Latest Post

Sidang kasus dugaan mafia tanah dengan terdakwa mantan Presdir Jakarta Royale Golf Club, Muljono Tedjokusumo di Pengadilan Negeri Jakarta Barat Rabu (27/2).


JAKARTA,SANCA NEWS.COM - Jaksa Penuntut Umum (JPU) bersikukuh meyakini mantan Presiden Direktur Jakarta Royale Golf Club, Muljono Tedjokusumo telah memalsukan surat dan menempatkan keterangan palsu pada akta autentik tanah di kawasan Kebon Jeruk, Jakarta Barat. 

Hal ini dilakukan Muljono dengan menggunakan fotokopi akta jual beli untuk membuat surat kehilangan agar dapat mengajukan sertifikat tanah ke Badan Pertanahan Nasional (BPN).

Hal ini dikatakan JPU pengganti, Atta saat membacakan replik dalam sidang lanjutan perkara dugaan mafia tanah atau pemalsuan surat tanah Pengadilan Negeri Jakarta Barat (PN Jakbar), Rabu (10/4).


“Dia menggunakan fotokopi akta jual beli yang ditandatangani Camat Kebon Jeruk tahun 1987. Fotokopi itu kemudian ia buat untuk membuat surat kehilangan di Polres Jakarta Barat sebelum akhirnya mengajukan sertifikat tanah di BPN (Badan Pertanahan Nasional),” kata Atta.

Sebelumnya, JPU menuntut Muljono untuk dihukum satu tahun pidana penjara. Jaksa meyakini, Muljono bersalah telah memalsukan surat dan menempatkan keterangan palsu pada akta autentik tanah di kawasan Kebon Jeruk, Jakarta Barat.

Meski memiliki girik, Muljono tidak menggunakan girik itu untuk pembuatan sertifikat. Mengenai girik itu, Atta menyebut BPN telah menyatakan bahwa girik milik Muljono yang dijadikan bukti dalam persidangan memiliki tempat yang berbeda. Girik tersebut bukan berada di kawasan Kedoya Utara, Kebon Jeruk seperti yang disebut Muljono melainkan di Kembangan.

“Jadi bisa dipastikan terdakwa memiliki niat atau mens rea.
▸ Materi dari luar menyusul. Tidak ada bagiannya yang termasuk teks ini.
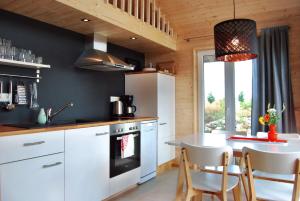 a kitchen with white cabinets and a table with chairs at Schwarzes Holzferienhaus mit Sauna -- L I E B L I N G S P L A T Z -- an der Ostsee, Zierow bei Wismar, Strand 500m, alles inklusive in Zierow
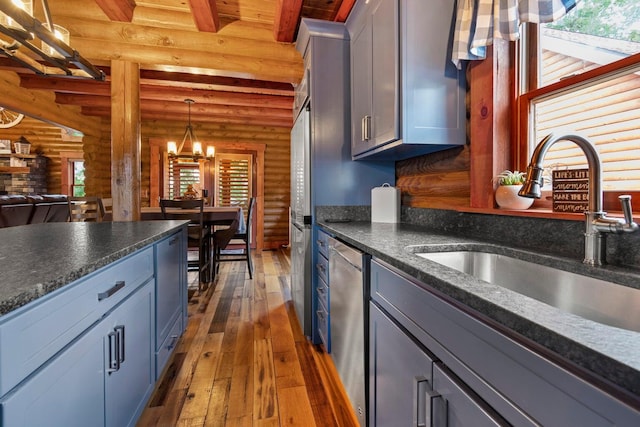 kitchen with sink, plenty of natural light, dark hardwood / wood-style flooring, and rustic walls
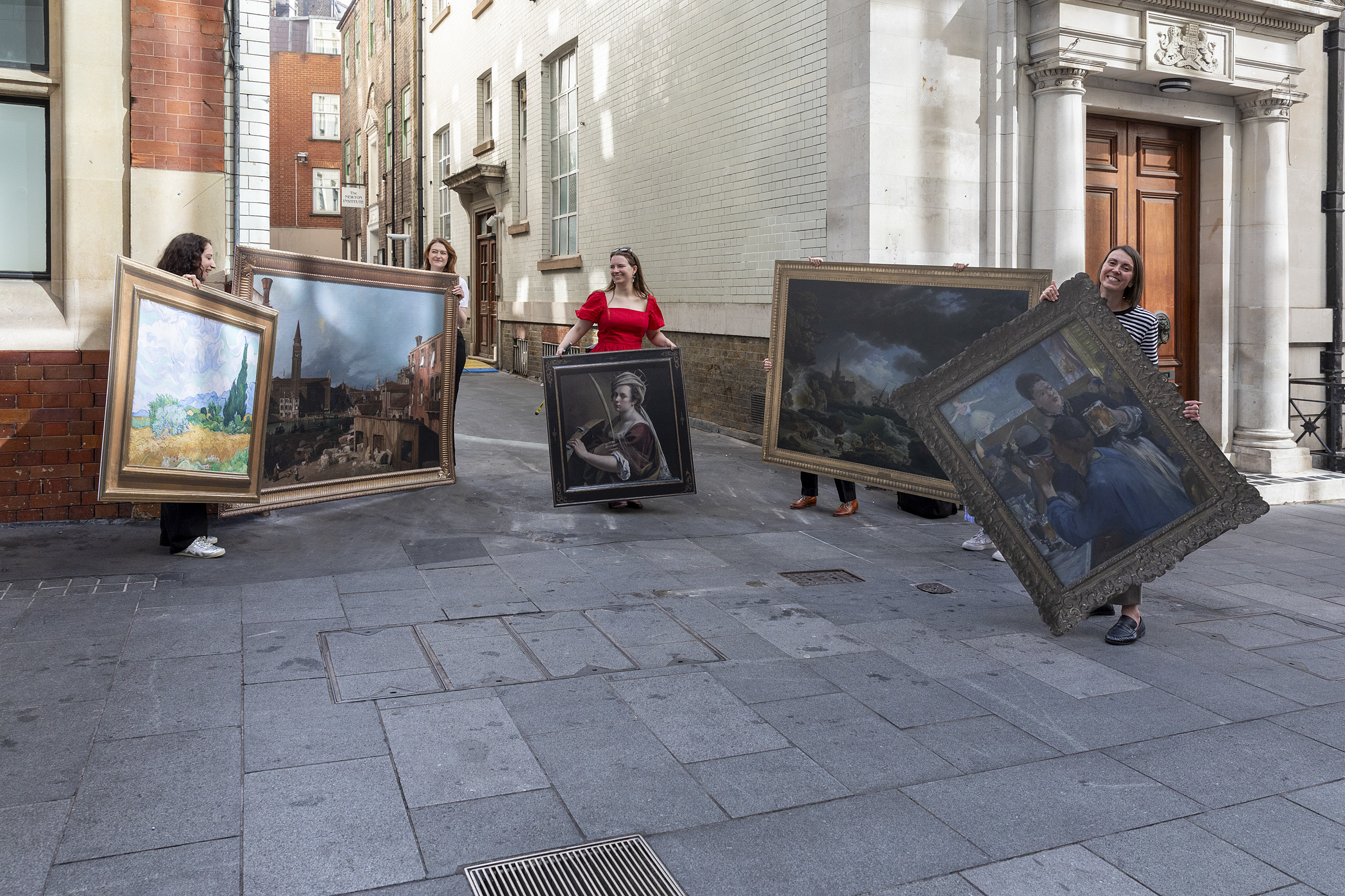 Five people carry life-sized recreations of famous artworks through a sunny London street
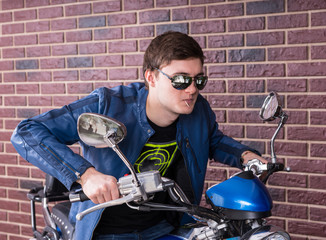 Fototapeta na wymiar Trendy young man in shades riding a motorbike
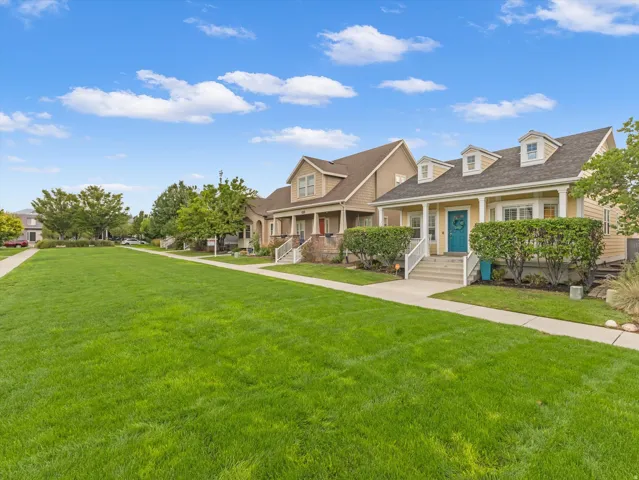 Expansive green space with sidewalks, mature trees, and residential properties featuring dormer windows
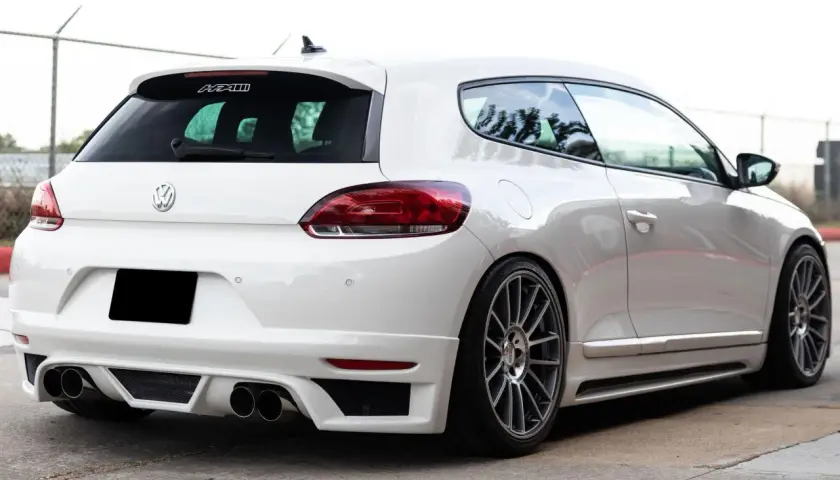 La parte posteriore di una Volkswagen Scirocco bianca, con un diffusore sportivo e quattro scarichi.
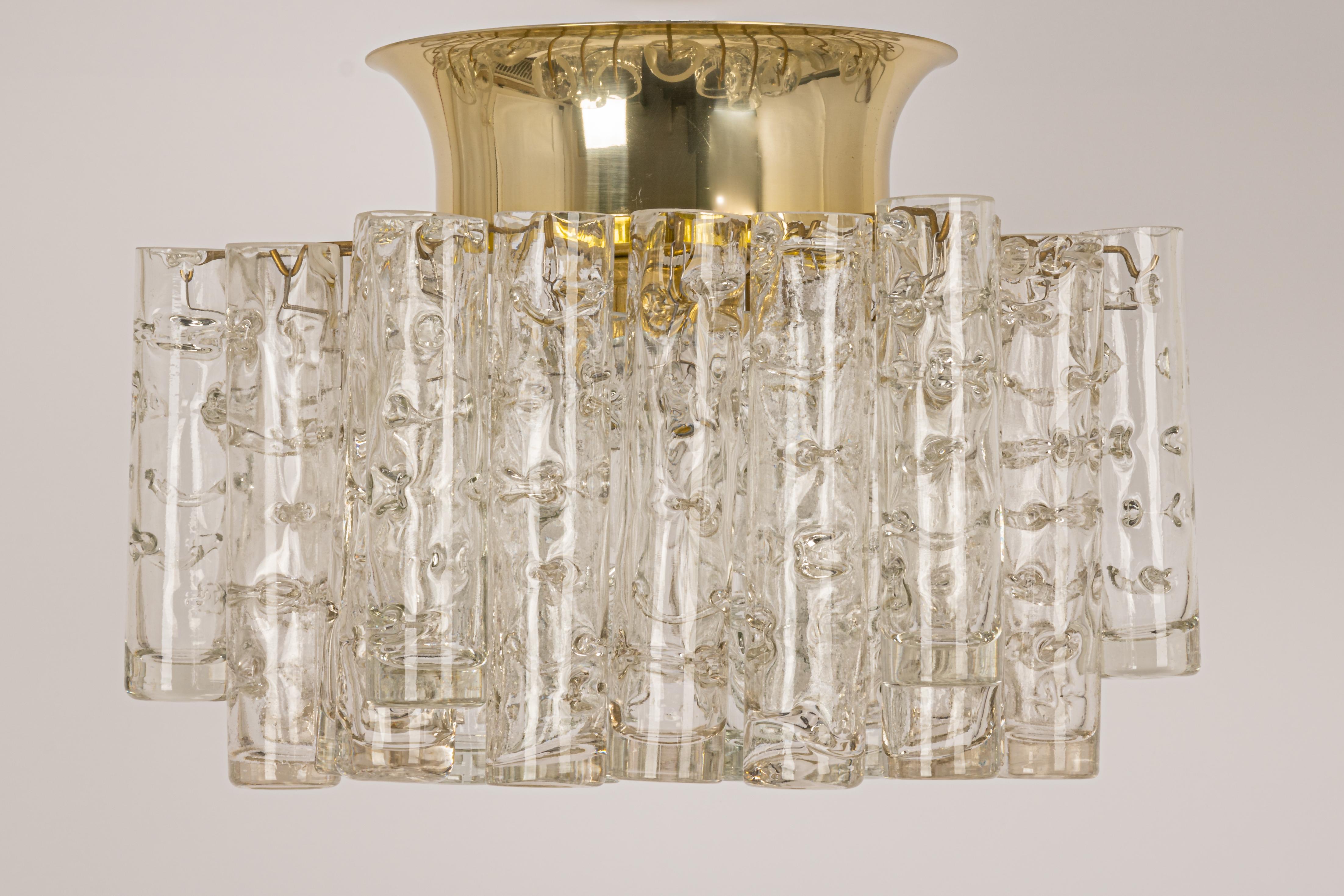 1 of 2 Fantastic mid-century chandeliers by Doria, Germany, manufactured circa 1970-1979. A lot of Murano glass cylinders are suspended from the fixture.
Heavy quality and in very good condition. Cleaned, well-wired, and ready to use.

The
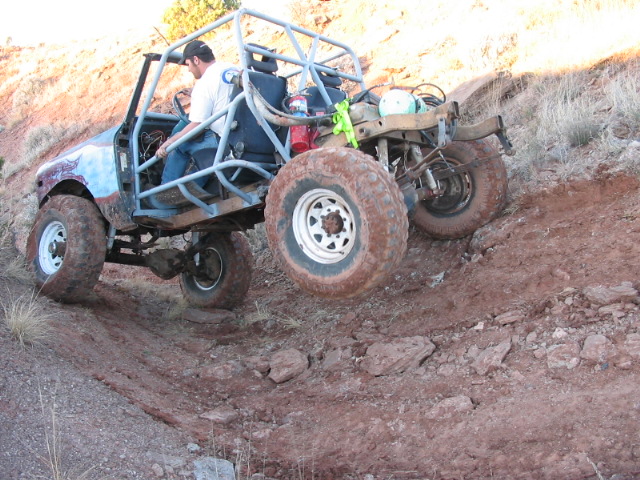 Off-road vehicle with roll cage on a dirt hill, driver visible, mud-splattered tires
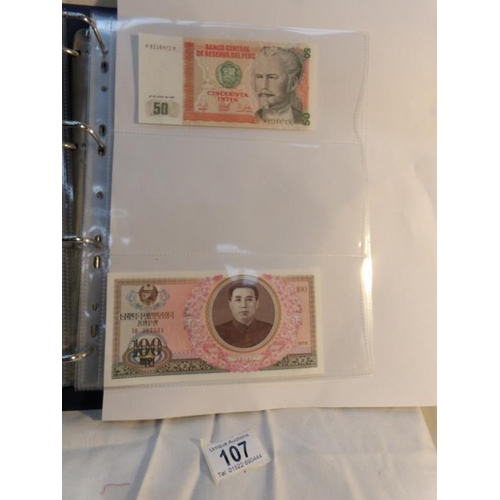 107 - An album of approximately 20 uncirculated and high quality bank notes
Buktinya dia sengaja menggunakan fotokopi bukan melalui girik untuk ajuan sertifikat,” kata Atta sembari mengatakan girik milik Muljono dianggap tidak relevan.

Jaksa juga membantah pembelaan kuasa hukum Muljono yang menyebut tidak ada kerugian dalam perkara ini. Dikatakan Jaksa, Muljono dilaporkan ke polisi oleh Ahli Waris sah yang merasa dirugikan atas tindakan Muljono menggelapkan dokumen. Untuk itu, Jaksa tetap pada tuntutan dan keyakinan bahwa terdakwa melakukan tindak pidana sebagaimana yang dimaksud dalam dakwaan.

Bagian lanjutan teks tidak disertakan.